In the last two decades, a series of reports have been released by national organizations, including the AAMC and the Institute of Medicine (IOM), to improve population health education in medical curricula.4–6 The reports are consistent in recommending that all medical students receive training in population health. Together, the reports call for medical students' population health education to include epidemiology; biostatistics; disease prevention/health promotion; health care organization, management, and financing; environmental and public health; social and behavioral sciences; informatics; genomics; communication; cultural competence; community-based participatory research; global health; policy and law; and ethics.4,5 The IOM also recommends that a significant proportion of medical school graduates should be fully trained in the ecological approach to public health at the master of public health (MPH) level.5 The recent IOM report, Training Physicians for Public Health Careers, asserts that all physicians are part of the public health system and recommends adding leadership, public health emergency preparedness, and clinical and community preventive services provisions as required topics in medical student education. The report further recommends that physicians should continue training in these topics through the continuum of physician education, regardless of specialty.6 To respond to these calls for increased public health training for all physicians, the IOM recommends that models be developed for integrating public health principles and practice into physician education at undergraduate and graduate levels and that each residency program identify and include public health concepts and skills that are relevant to the practice of that specialty.6
Has medical education responded to these reports and recommendations?

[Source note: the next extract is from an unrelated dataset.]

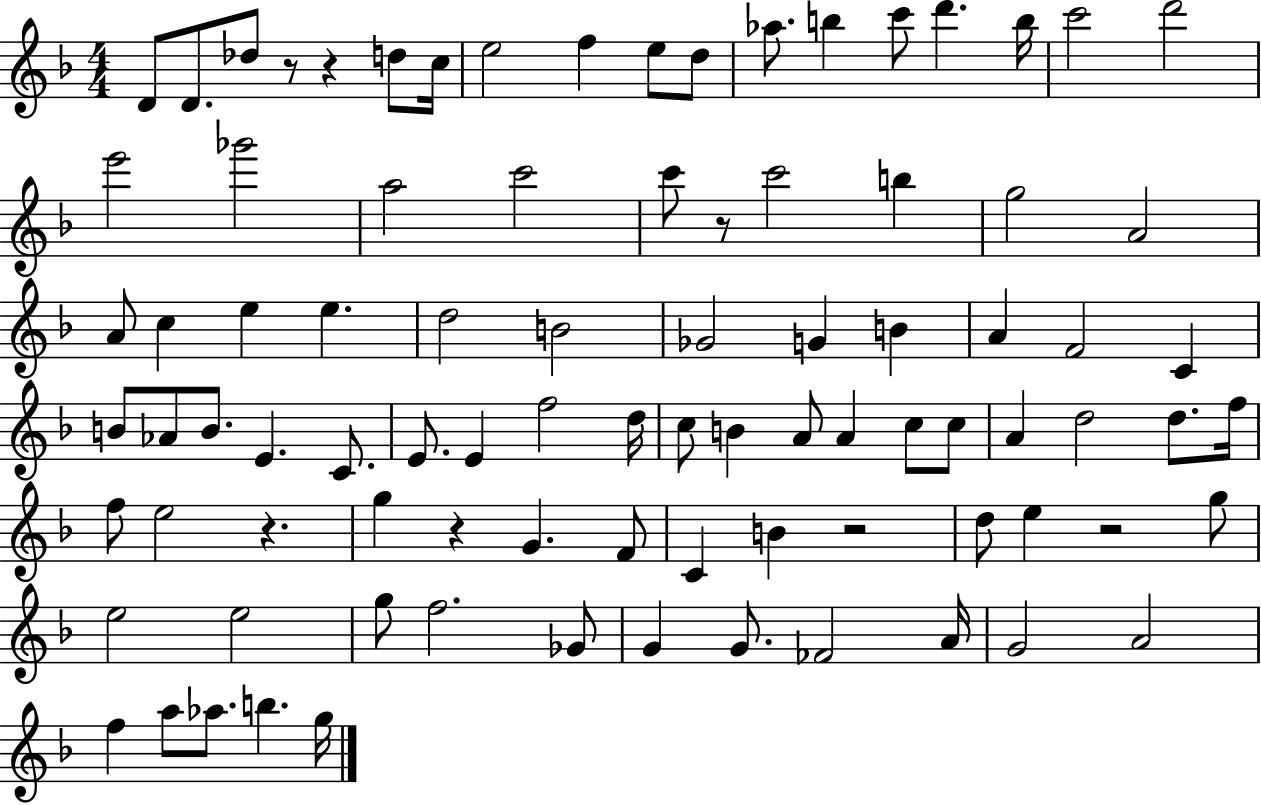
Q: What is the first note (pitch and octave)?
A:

The number of medical schools that offer their students the opportunity to complete an MPH has more than tripled since the mid-1990s. Preliminary review of unpublished data from the Liaison Committee on Medical Education Annual Medical Survey, Part II, show that some topics, such as health care delivery systems and prevention and health maintenance, have been required curricular topics in 80% to 98% of schools for the last 20 years. On the other hand, topics such as occupational health and health policy development are required in fewer than 70% of schools currently. Preliminary review of graduation questionnaire data reveals that recent fourth-year medical students are more satisfied currently with their health promotion and disease prevention education (more than 80% believed that time devoted to the topic was appropriate) compared with 20 years ago (only 40% felt that time devoted to preventive care was appropriate). Still, fewer than 60% of current graduates feel that time devoted to health policy, occupational medicine, and, ironically, health care systems, is appropriate.7
Whereas these data may represent very general trends in population health education at U.S. medical schools, many of the articles in this issue of Academic Medicine provide a sampling of institutional efforts to address this important issue. In 2003, seven medical schools were awarded one-year grants through the cooperative agreement between the AAMC and the Centers for Disease Control and Prevention (CDC) to become Regional Medicine–Public Health Education Centers (RMPHECs). The seven schools were required to partner with a local and/or state health agency to improve public health/population health education for their medical students. In 2006, a new cycle of funding became available, and 11 medical schools (including two that had been part of the original seven RMPHEC “pilot” schools) were awarded funds to pursue “the full integration” of population health into their curricula, once again through collaborations with their public health colleagues. These 11 schools are currently in their third year of funding. A new opportunity to extend this program to graduate medical education (GME) programs became available in late 2007. By the publication date of this issue, we are anticipating that at last six residency programs will be designated as RMPHEC-GMEs. Information about all of the RMPHEC schools is available on the AAMC Web site (http://www.aamc.org/members/cdc/aamcbased/regionalcenters.htm).
Six of the 16 schools that have participated in the RMPHEC program have contributed articles to this theme issue, describing the different strategies employed at their schools to integrate population health across their curricula, a strategy that targets all of their medical students: Case Western Reserve University School of Medicine; Harvard Medical School; Stanford University School of Medicine; The Brody School of Medicine at Eastern Carolina University; University of New Mexico School of Medicine; and the University of Rochester School of Medicine & Dentistry. Some, like the Brody School of Medicine, have strategically embedded population health content and skill acquisition into existing courses; others, like Harvard, have developed blocks of independent teaching time devoted to these topics to give population health an identity. Case Western represents a third model, which resembles a hybrid of these two approaches. In the course of a curricular reform initiative at that institution, population health became the focus of the first of six “blocks” that comprise the first two years of medical school, and it was integrated through the remaining five. Stanford, University of New Mexico, and University of Rochester highlight the experiential learning components of their population health curricula. At Stanford and Rochester, students have opportunities to apply population health skills to improve the community. At New Mexico, students applied their skills to improve the health care delivery system by affecting hospital policy.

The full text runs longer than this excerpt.